That’s when I told myself “screw it, I’m wasting time in Statistica and am going to do the rest of this analysis in R”.  Man, is it ever nice to be back in R.  Ironically, things are much more simple and flow a lot faster for me.  The only problem is that I have a few projects coming up soon that really need a data analysis program that can handle humongous data sets.  For that reason, I’m probably going to have to see if reinstalling Statistica makes it more reliable to work with.  If not, I suppose I’ll have to move on to other options!

Processing Data from a Statistica Worksheet Using R

Context: I work with data from non-profit organizations, and so a big concern in many of my analyses is if and how much people are donating from one year to the next.  One of the  things I normally like to do in my analyses is get a value for each person that represents how much their yearly donations are increasing or decreasing on average for 5 years (a simple slope from the regression of their giving values on the years that they gave).  It was pretty simple and quick to do this in R for previous projects, so there was no hassle there.  Now that we have Statistica in the office, my supervisor wants me to use it for our current project.

Problem: I was looking for a way in Statistica of doing the above slope calculation for each row in a dataset of roughly 82,000 rows, and could not find it.

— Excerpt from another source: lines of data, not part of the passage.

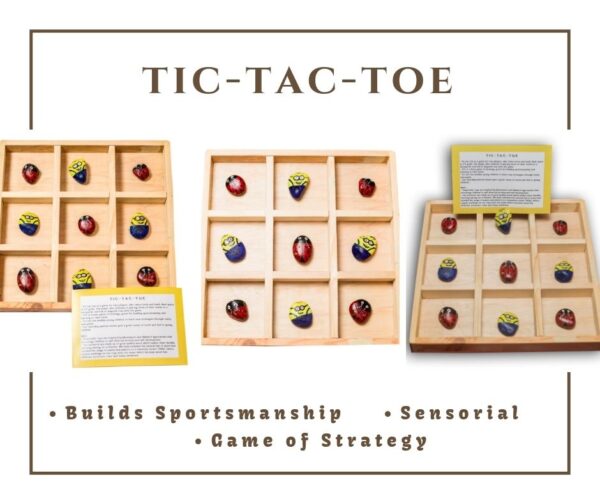 Tic Tac Toe Montessori Toy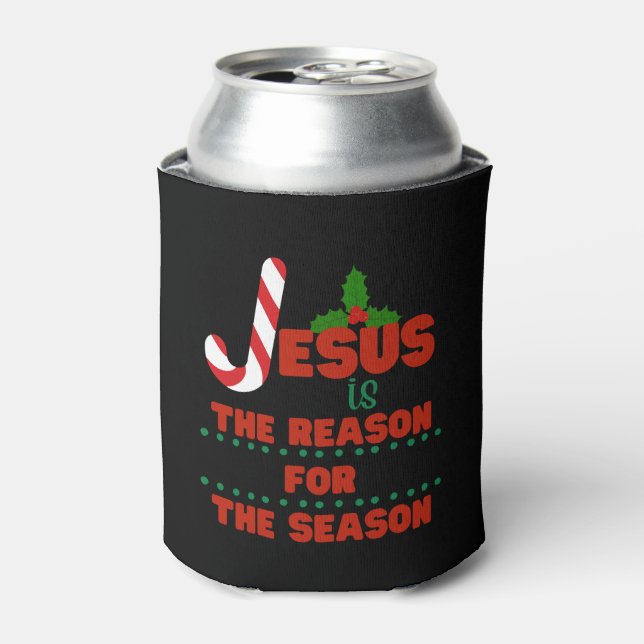 Jesus is the reason for the season can cooler (Can Front)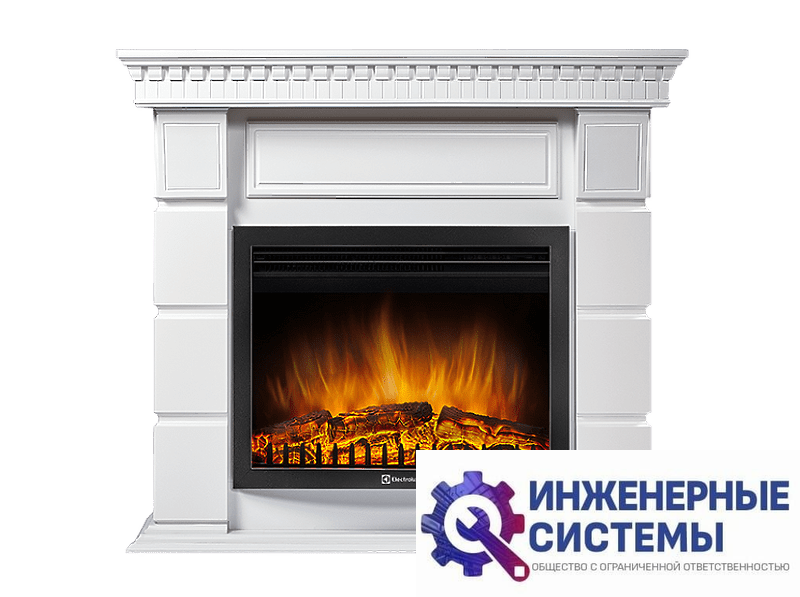 Firelight Elegante 25 портал для камина белый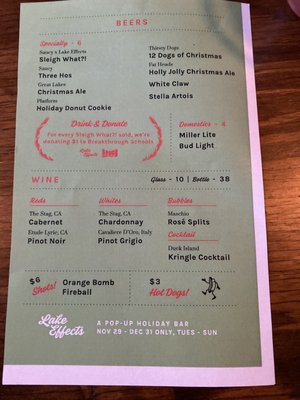 Menu photo 2 Lake Effects Cleveland, OH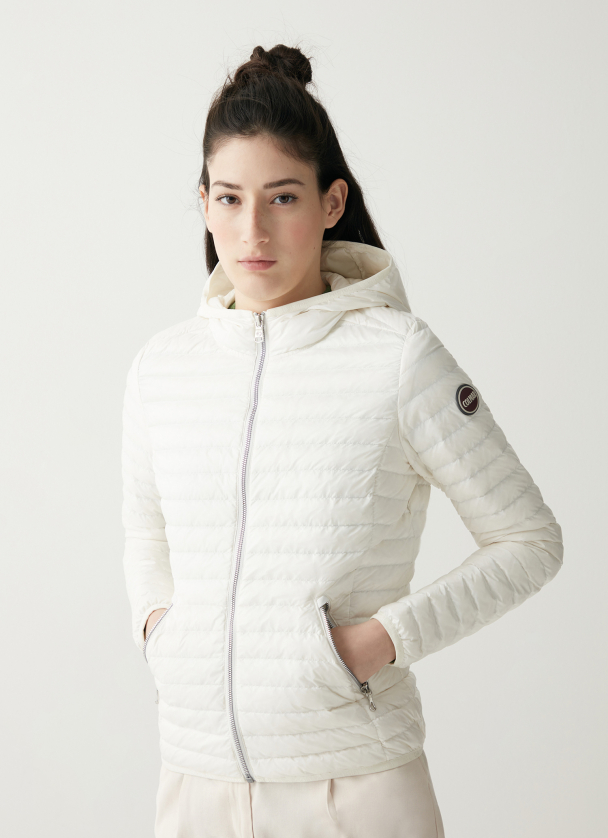 Sporty Hooded Downjacket - White  - Image 5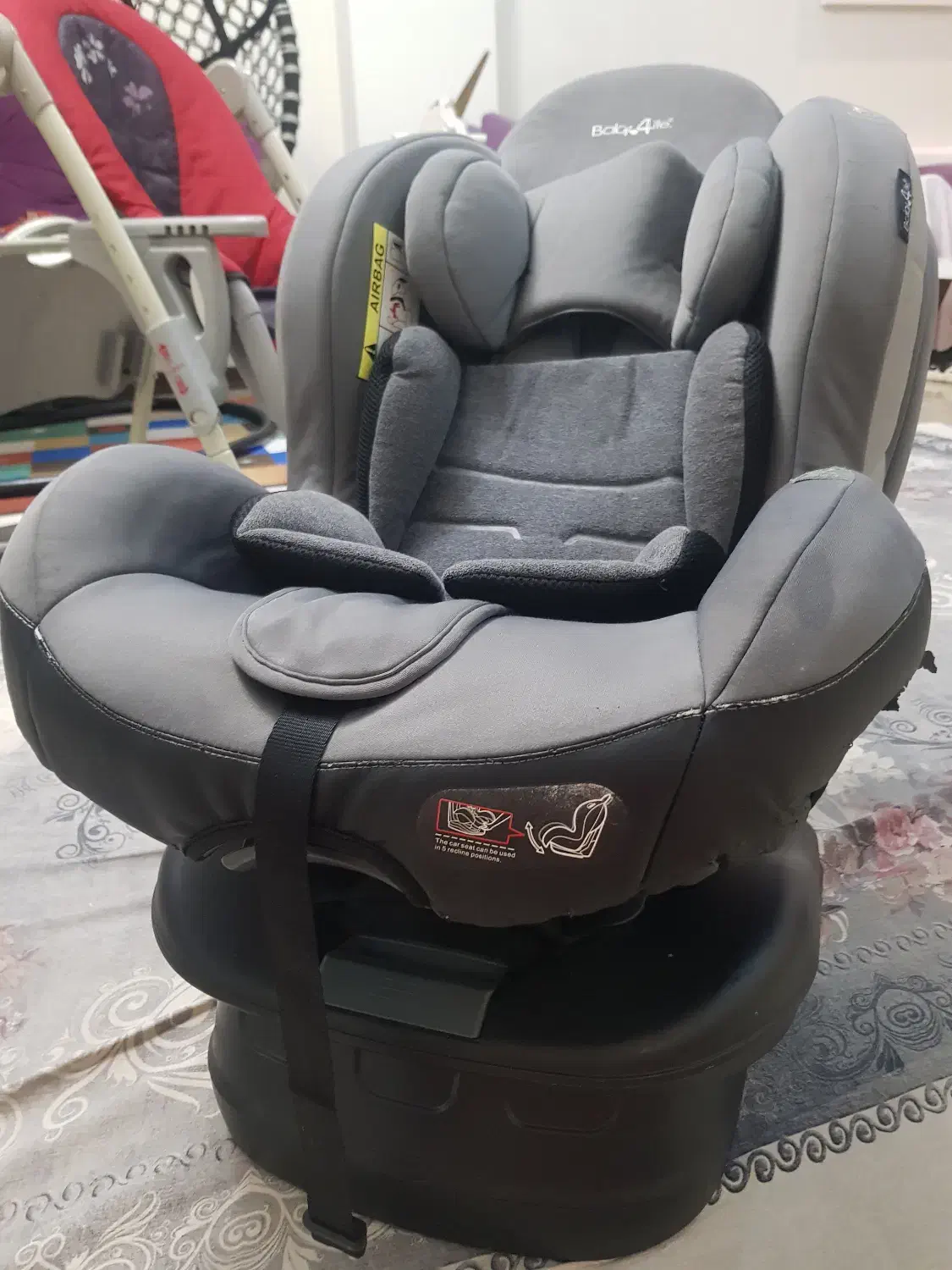 صندلی ماشین baby 4 life و صندلی غذا کودک good baby|تخت و صندلی بچه|تهران, شهرک نفت|دیوار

Solution:  As I mentioned in my last post, it’s possible to feed your Statistica dataset into R using the Statconn Dcom server, so that you can process it/analyze it in R and then output your results back into Statistica.  So, I fed my dataset of 82,000 rows and 264 columns into R, and used some code I had used previously to calculate 5 year giving slopes for each row in the data set, and to output a new worksheet with the newly calculated slopes column.  Although the code is pretty simple, the entire process seemed to take about 5 minutes, which was unbearably slow!!  It’s a pretty important part of my analysis, so going without it isn’t an option.

I sent an email to one of the Statistica support guys, so hopefully they have a way of doing this kind of data processing natively, instead of having to wait all that time for the data to be processed through R.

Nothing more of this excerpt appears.